A sample menu is attached to the article:
Breakfast: low fat milk with muesli (without added sugar), wholegrain crispbread with low-fat cheese, an orange
Lunch: wholegrain rye bread with lean meat or chicken, mackerel in tomato sauce with a selection of vegetables
Dinner: Stir-fried turkey with veg and wholegrain pasta, avocado salad with feta cheese and sugar peas.
Snacks: veg and low fat cheese sticks. Wholegrain rye bread with low-fat liver pâté and cucumber
Only water or low fat milk to drink
Can you see anything missing here?! How long have you got?!
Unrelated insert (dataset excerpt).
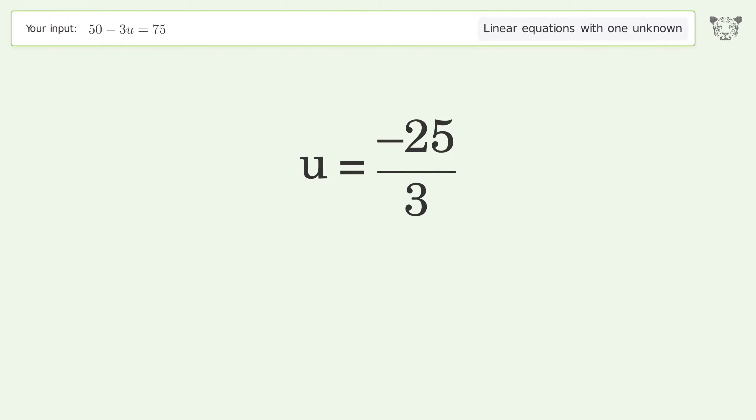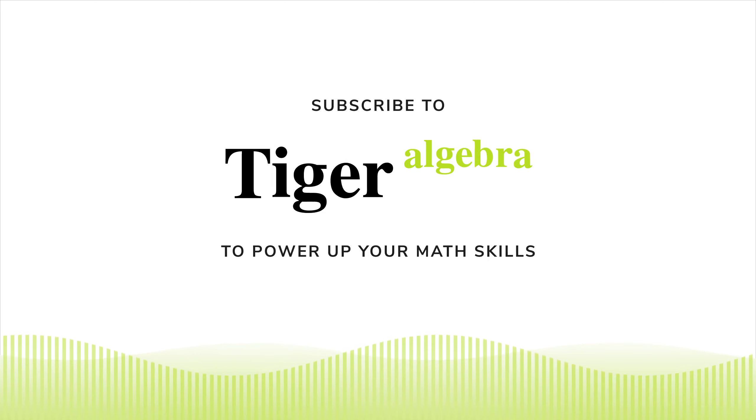And so the final result is u equals negative 25 over 3. Thanks for listening.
I’ve been there, done that with low-fat diets. I’ve also had a spirited go at GI diets of various sorts. They are all but impossible for vegetarians to do anyway … but even if I did eat meat and fish, the sorts of food restrictions indicated by the sample menu as listed above would drive me straight to the cream cakes within a couple of days.
The only reasonable, truthful and realistic option is the one that Beyond Chocolate advocates and demonstrates so well. Attempting to remove food groups of whatever sort from our daily intake will lead to feelings of deprivation and from there to binges. Only when we are at peace with all foods and with our bodies can we achieve a stable weight that will be different for each one of us. And we never need to diet again.